Recursion and Exact Counting
- Another approach: count number of calls to f3, given by C(N)
- C(1) = 1
- C(2) = 1 + 2
- C(N) = 1 + 2 + 4 + ... + 2^(N-1) = 2(2^(N-1)) - 1 = 2^N - 1
- Since work during each call is constant:
Recursion and Recurrence Relations
- Count number of calls to f3, by a "recurrence relation"
- C(1) = 1
- C(N) = 2C(N-1) + 1
- More technical to solve. Won't do this in our course
Binary Search
Binary Search Intuitive
- Finding a key in a sorted array
- Compare key against middle entry
- Too small, go left
- Too big, go right
- Equal, found
- The runtime of binary search is Theta(log_2(N))
- Why? Problem size halves over and over until it gets down to 1
Binary Search Exact Count
- Find worst case runtime for binary search
- What is C(6), number of total calls for N = 6?
- Three total calls, where N = 6, N = 3, and N = 1
- C(N) = floor(log_2(N)) + 1
- Since compares take constant time, R(N) = Theta(floor(log_2(N)))
- This f(N) is way too complicated. Let's simplify.
- Three useful properties:
- floor(f(N)) = Theta(f(N))
- The floor of f has the same order of growth as f
- ceiling(f(N)) = Theta(f(N))
- The ceiling of f has the same order of growth as f
- log_p(N) = Theta(log_q(N))
- logarithm base does not affect order of growth
- Hence, floor(log_2(N)) = Theta(log N)
- Since each call takes constant time, R(N) = Theta(log N)
Binary Search (using Recurrence Relations)
- C(0) = 0
- C(1) = 1
- C(N) = 1 + C((N-1)/2)
Log Time is Really Terribly Fast
- In practice, logarithm time algorithms have almost constant runtimes
- Even for incredibly huge datasets, practically equivalent to constant time
Merge Sort
Selection Sort: A Prelude to Mergesort
- Earlier in class we discussed a sort called selection sort:
- Find the smallest unfixed item, move it to the front, and "fix" it
- Sort the remaining unfixed items using selection sort
- Runtime of selection sort is Theta(N^2)
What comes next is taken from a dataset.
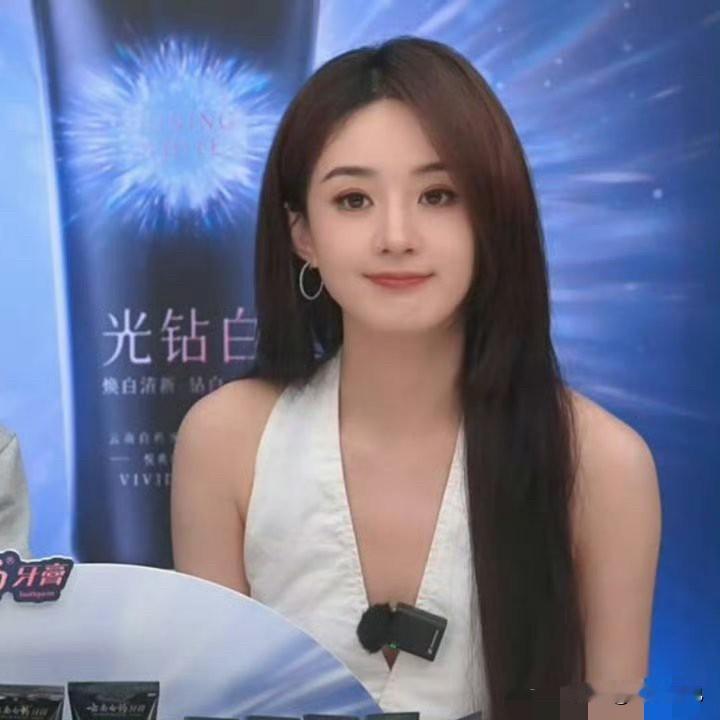 我好像明白了一些，为什么赵丽颖从来不参加红毯活动，不是因为传她耍大牌，也不是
- Look at all N unfixed items to find smallest
- The look at N-1 remaining unfixed
- ...
- Look at last two unfixed items
- Done, sum 2+3+4+5+...+N = Theta(N^2)
- Given that runtime is quadratic, for N = 64, we might say the runtime for selection sort is 2048 arbitrary units of time (AU)
The Merge Operation
- Given two sorted arrays, the merge operation combines them into a single sorted array by successively copying the smallest item from the two arrays into a target array
- What is the time complexity of the merge operation?
- Theta(N)
- Why? Use array writes as cost model, merge does exactly N writes
Using Merge to Speed Up the Sorting Process
- Merging can give us an improvement over vanilla selection sort:
- Selection sort the left half: Theta(N^2)
- Selection sort the right half: Theta(N^2)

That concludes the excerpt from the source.